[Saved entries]
__________

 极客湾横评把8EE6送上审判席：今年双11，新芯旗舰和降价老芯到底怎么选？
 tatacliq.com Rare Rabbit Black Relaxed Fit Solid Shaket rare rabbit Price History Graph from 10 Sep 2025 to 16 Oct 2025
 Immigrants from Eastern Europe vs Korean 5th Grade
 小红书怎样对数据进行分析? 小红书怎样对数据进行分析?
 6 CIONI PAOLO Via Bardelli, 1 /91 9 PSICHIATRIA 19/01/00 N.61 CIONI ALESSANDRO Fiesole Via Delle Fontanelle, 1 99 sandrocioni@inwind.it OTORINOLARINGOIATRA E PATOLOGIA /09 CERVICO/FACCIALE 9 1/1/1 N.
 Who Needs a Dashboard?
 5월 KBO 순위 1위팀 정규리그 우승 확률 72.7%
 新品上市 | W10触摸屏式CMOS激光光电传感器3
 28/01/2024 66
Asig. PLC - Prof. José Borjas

__________

Work item -> All of the data needs to be repeated exactly.

Answer section ->
 极客湾横评把8EE6送上审判席：今年双11，新芯旗舰和降价老芯到底怎么选？
 tatacliq.com Rare Rabbit Black Relaxed Fit Solid Shaket rare rabbit Price History Graph from 10 Sep 2025 to 16 Oct 2025
 Immigrants from Eastern Europe vs Korean 5th Grade
 小红书怎样对数据进行分析? 小红书怎样对数据进行分析?
 6 CIONI PAOLO Via Bardelli, 1 /91 9 PSICHIATRIA 19/01/00 N.61 CIONI ALESSANDRO Fiesole Via Delle Fontanelle, 1 99 sandrocioni@inwind.it OTORINOLARINGOIATRA E PATOLOGIA /09 CERVICO/FACCIALE 9 1/1/1 N.
 Who Needs a Dashboard?
 5월 KBO 순위 1위팀 정규리그 우승 확률 72.7%
 新品上市 | W10触摸屏式CMOS激光光电传感器3
 28/01/2024 66
Asig. PLC - Prof. José Borjas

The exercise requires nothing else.